- [WHAT THE EXERCISE ASKS]
Return exactly the lines below, starting with the one that has "VEVOR Dual Tap" and going on through the one that has "ALMA-LS-TOP (FLEECE) - DARK CHOCOLATE".

- [GIVEN ENTRIES]
******
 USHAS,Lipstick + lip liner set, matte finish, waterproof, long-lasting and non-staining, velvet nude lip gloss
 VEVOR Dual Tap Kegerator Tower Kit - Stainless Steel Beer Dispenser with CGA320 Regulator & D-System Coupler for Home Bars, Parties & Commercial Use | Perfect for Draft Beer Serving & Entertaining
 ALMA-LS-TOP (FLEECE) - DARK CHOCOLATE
******
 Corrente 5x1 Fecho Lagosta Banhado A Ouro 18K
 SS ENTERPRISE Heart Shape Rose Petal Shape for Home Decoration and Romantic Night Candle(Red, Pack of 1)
******
- [SOLUTION TO THIS PROBLEM]
 VEVOR Dual Tap Kegerator Tower Kit - Stainless Steel Beer Dispenser with CGA320 Regulator & D-System Coupler for Home Bars, Parties & Commercial Use | Perfect for Draft Beer Serving & Entertaining
 ALMA-LS-TOP (FLEECE) - DARK CHOCOLATE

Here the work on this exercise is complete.